True if the acceleration was extremely fast, but even if the technology existed to do so, the g-forces would kill most life that was aboard. All that energy to get to speed would be immense as well as the energy required to stop.
kevinrtrs
4 / 5 (1) May 17, 2011
Double the force of earth gravity...weighty matters indeed. Strong bones required.....atmosphere could prevent breathing properly without apparatus...
Can't get there in any case...not in one's own lifetime with current tech...
Interesting, nonetheless.
eachus
not rated yet May 18, 2011
True if the acceleration was extremely fast, but even if the technology existed to do so, the g-forces would kill most life that was aboard. All that energy to get to speed would be immense as well as the energy required to stop.

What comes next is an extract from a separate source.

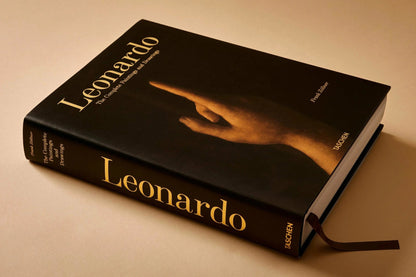 Leonardo. The Complete Paintings and Drawings - Hosted by Kelly Gaudreau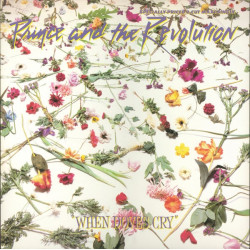 Prince And The Revolution - When Doves Cry (LP Version) / 17 days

Run the numbers. An astronaut who accelerates for less than a year at one G in his frame of reference can get anywhere. Presumably, the astronaut will start to decelerate at the halfway point. But still--two years to anywhere if you have the fuel. Twenty years at one-tenth G, and so on.
BillFox
not rated yet May 18, 2011
True if the acceleration was extremely fast, but even if the technology existed to do so, the g-forces would kill most life that was aboard. All that energy to get to speed would be immense as well as the energy required to stop.

Run the numbers. An astronaut who accelerates for less than a year at one G in his frame of reference can get anywhere. Presumably, the astronaut will start to decelerate at the halfway point. But still--two years to anywhere if you have the fuel. Twenty years at one-tenth G, and so on.


That's a good point, I never ran any numbers and just instinctually assumed the energy would be immense and the time dialation would decrease too significantly to make a difference. Its quite a sharp curve regarding time dilation and speed. I only figured e=m^2 is it's stored energy since light speed is assumed.